Smoke and CO Detectors: Cheap, Mandatory, Frequently Dead
The law requires a smoke detector in every bedroom plus one in the kitchen — a single hallway unit is not sufficient. Specifications: photoelectric type (not ionisation), CE marked, with a 9V battery replaced annually. Common compliant models cost 12-25 EUR each and installation is a five-minute DIY job on the ceiling. A two-bedroom apartment therefore needs three units, around 54 EUR total.
Where the property has gas appliances — a gas hob, gas boiler or LPG water heater — add a CO detector near the appliance and sleeping areas. At 20-35 EUR it is the cheapest life-safety item on the list and the one most commonly missing at inspections of older island properties running on bottled gas.
The failure mode is not the purchase, it is the battery. At a joint inspection, the accompanying fire officer physically presses the test button on each detector. A dead battery is recorded as a deficiency. Instruct your cleaning team to test every detector monthly and change all batteries every January, and write the next battery-change date on the detector casing in marker.
What the Joint Inspection Actually Checks
Joint ΑΑΔΕ and Ministry of Tourism inspections, running since December 2025, are unannounced and take roughly 10-15 minutes on the fire-safety section. The inspector checks four extinguisher fields (correct type and weight, service tag no older than 12 months, visible placement at correct height, correct count for the floor area), opens the fuse board to confirm the 30mA RCD, asks to see the ΥΔΕ PDF or a copy, and tests each smoke detector.

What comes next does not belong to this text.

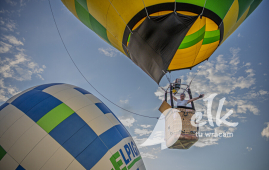 XVIII Mazurskie Zawody Balonowe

They also open your welcome book. Under the same law, the property information book must document the location of the extinguisher, the fuse board, the water shut-off and the escape route, so the fire officer can confirm guests are actually informed. A floor-plan sketch marking the extinguisher and exits is the easiest way to pass this check — see our companion guide on the mandatory Greek STR welcome book.
Penalties: Why This Is an ΑΜΑ Suspension Issue, Not Just a Fine
The sanctions ladder under Νόμος 5170/2025 escalates fast:
- First violation: around 5,000 EUR fine plus a mandatory 30-day correction deadline.
- Second violation within 24 months: around 10,000 EUR.
- Third violation: ΑΜΑ suspension and automatic delisting from all platforms.
Missing or expired ΥΔΕ carries its own fines in the 3,000-7,000 EUR range depending on severity. And the exposure does not stop at administrative penalties: if a fire injures a guest and basic safety equipment was missing, you face potential criminal negligence liability and civil damages claims, and your liability insurer can refuse cover on the grounds that mandatory safety equipment was absent. From 20 May 2026, when EU Regulation 2024/1028 makes platforms validate ΑΜΑ numbers before displaying listings, an ΑΜΑ suspension means your revenue stops the same week.
Remote Owner Action Plan: Compliance in One Trip or Zero Trips
If you can visit once, do everything in a single 2-3 day window: order extinguishers and detectors online in advance (Skroutz and specialist suppliers ship nationwide from around 14 EUR per extinguisher), book a licensed electrician for the ΥΔΕ and any RCD work, mount the detectors yourself, photograph everything, and file the ΥΔΕ PDF, invoices and photos in your cloud compliance folder.
If you cannot visit, the entire package is delegable: your co-host or property manager receives the deliveries, a local electrician issues the ΥΔΕ (they invoice to your Greek ΑΦΜ, and the cost is deductible against rental income on your E2 declaration), and a certified technician handles the annual extinguisher service. Budget around 100-150 EUR per year in recurring costs per property for services and batteries. Put three recurring reminders in your calendar — extinguisher service (annually), detector batteries (annually), ΥΔΕ renewal (every 5 years) — and fire safety becomes a background process instead of the reason your ΑΜΑ gets suspended.